Well, it’s like this…after I found out that I’m exiled out here on the edge of humanity in a teetering, creaking modular [not ready to call it a ‘classroom’], I had a little chat with my principal. Mrs. Nix has always been distant, simply tolerating my presence. I just figured she was like that with the other teachers as well, but once I found myself shunted off to Room 36, well, I was a bit of a special case…and not in a good way.

I had methodically put up the usual bulletin board material–‘when’s your birthday?’, the misused homophones that make teachers want to scratch out their eyeballs, reading comprehension tips–stuff that over the coming days [hours?] just blends into the background and darn near turns invisible.

And so it was time to do things a little differently–starting with making this classroom ‘ours’.  No matter how ugly the outside, I want these kids to want to come inside. [And I have a good mind to do something about the exterior, as well.
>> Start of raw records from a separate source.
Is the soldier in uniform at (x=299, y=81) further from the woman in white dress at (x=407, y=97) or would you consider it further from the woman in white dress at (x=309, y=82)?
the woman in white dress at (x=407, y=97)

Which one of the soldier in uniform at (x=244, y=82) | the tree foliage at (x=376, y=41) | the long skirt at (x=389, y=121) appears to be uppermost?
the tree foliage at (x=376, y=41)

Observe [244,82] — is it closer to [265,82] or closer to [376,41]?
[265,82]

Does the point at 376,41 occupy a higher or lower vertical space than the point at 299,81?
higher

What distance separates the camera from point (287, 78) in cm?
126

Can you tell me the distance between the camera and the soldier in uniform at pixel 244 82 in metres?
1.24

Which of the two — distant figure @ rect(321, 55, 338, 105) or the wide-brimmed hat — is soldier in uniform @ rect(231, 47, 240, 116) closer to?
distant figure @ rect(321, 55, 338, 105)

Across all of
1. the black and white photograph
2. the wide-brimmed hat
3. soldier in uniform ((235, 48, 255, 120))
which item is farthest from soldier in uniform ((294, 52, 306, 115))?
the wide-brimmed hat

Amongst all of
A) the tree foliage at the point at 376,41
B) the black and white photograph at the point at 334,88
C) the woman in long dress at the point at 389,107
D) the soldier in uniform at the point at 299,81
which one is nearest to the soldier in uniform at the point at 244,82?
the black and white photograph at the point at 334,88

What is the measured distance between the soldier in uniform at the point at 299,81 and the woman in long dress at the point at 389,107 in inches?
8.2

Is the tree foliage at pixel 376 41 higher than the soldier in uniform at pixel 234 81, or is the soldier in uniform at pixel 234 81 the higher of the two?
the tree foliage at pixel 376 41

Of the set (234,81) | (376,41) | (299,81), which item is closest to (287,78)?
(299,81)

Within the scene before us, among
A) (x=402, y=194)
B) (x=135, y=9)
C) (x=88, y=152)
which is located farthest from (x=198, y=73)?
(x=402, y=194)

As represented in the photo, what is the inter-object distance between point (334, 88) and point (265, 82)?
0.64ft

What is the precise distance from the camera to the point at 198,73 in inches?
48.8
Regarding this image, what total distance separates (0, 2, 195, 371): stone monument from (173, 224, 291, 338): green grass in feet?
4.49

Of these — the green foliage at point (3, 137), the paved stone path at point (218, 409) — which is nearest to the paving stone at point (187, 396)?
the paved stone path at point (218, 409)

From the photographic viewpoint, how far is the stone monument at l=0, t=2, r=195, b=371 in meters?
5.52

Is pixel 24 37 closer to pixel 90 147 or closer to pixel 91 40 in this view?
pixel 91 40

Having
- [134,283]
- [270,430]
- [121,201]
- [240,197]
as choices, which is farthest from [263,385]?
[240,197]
But first things first.]

New Book-in-Progress Rebel Hour Prologue

Just checking in with the prologue from Rebel Hour, which can be found at the Sail the 7 C’s Teacher Resource Expo.


Rebel Hour


So I’m not the sharpest tool in the…the brightest bulb in…let’s just say I’m hardly an Einstein. Some might even say I couldn’t even tie Einstein’s shoes…which makes me think there’s a reason I only wear sandals and slip-on sneakers.

Anywaaaay… when my loving [not really] principal Mrs. Phyllis Nix mentioned last June that there was a fourth-grade position at a neighboring school in the district, I just filed it away as ‘odd but interesting’.
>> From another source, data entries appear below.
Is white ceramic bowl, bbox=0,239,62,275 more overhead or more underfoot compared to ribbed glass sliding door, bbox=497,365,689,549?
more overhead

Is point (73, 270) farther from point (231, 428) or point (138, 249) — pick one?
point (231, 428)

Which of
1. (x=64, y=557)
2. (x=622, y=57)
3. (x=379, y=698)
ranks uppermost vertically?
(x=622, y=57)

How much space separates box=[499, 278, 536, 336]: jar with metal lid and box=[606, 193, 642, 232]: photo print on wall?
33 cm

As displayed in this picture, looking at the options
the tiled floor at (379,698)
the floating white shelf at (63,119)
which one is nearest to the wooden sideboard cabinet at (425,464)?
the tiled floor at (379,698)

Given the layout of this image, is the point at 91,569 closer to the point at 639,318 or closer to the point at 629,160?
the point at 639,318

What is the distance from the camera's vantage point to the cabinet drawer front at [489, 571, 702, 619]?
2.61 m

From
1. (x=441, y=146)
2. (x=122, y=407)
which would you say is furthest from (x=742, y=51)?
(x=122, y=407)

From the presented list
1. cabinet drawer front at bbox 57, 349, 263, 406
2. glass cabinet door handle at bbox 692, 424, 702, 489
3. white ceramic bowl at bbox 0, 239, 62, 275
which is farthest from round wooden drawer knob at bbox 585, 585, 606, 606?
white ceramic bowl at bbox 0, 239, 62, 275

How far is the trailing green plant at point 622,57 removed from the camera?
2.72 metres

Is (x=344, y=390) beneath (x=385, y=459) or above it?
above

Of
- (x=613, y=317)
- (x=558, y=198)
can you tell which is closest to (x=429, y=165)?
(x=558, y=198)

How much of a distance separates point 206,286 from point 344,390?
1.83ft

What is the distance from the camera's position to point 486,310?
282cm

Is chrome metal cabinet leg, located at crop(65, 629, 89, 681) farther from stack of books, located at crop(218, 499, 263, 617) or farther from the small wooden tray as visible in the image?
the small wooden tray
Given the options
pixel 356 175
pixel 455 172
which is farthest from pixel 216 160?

But when my loving [again…not really] grade four teaching partner Joy Ann Clark mentioned the same teaching job, I reclassified it from ‘odd but interesting’ to ‘hmmm…’.


It’s now late August and Mrs. Nix has informed me that I’m being moved to Room 36, which through my eight years at A.B. Sweeney has been called ‘the creaking portable.’ It’s a modular classroom set so far apart from the main building that there isn’t even a Room 35…or 34…or 33, 32, or 31. Yep, I’m no Einstein shoe-tying flunky, but it was pretty clear I’d been exiled.

Now, if I were sent to this island of luxury alone, that’s one thing. But for my students to feel separate and unequal? Not good.

So what did I do the next day?

I separated us even further. Yep, I’m quite the genius.


“Joy Ann, here’s a thought. How ‘bout if we experiment with going completely self-contained this year?”

Eyebrows raised, she said, “Really?” Her eyes shifted off to dreamland and she nodded. It was as if she was playing out a ‘hassle-free, limited time with Brooke Page’ scenario.

“Yep,” I said. No trading students for math or language arts.”

“I guess we could always ask,” she said. Her eyes drifted, most likely to that far-off galax without me as her career millstone who thwarted her ‘All-Star Teacher’ dreams.

“Should I run this by–?”

“I can do that,” said Joy Ann.

Played right into my hands.


And so here I am, on Day 1, in the creaking fortress…and I’ve made a decision.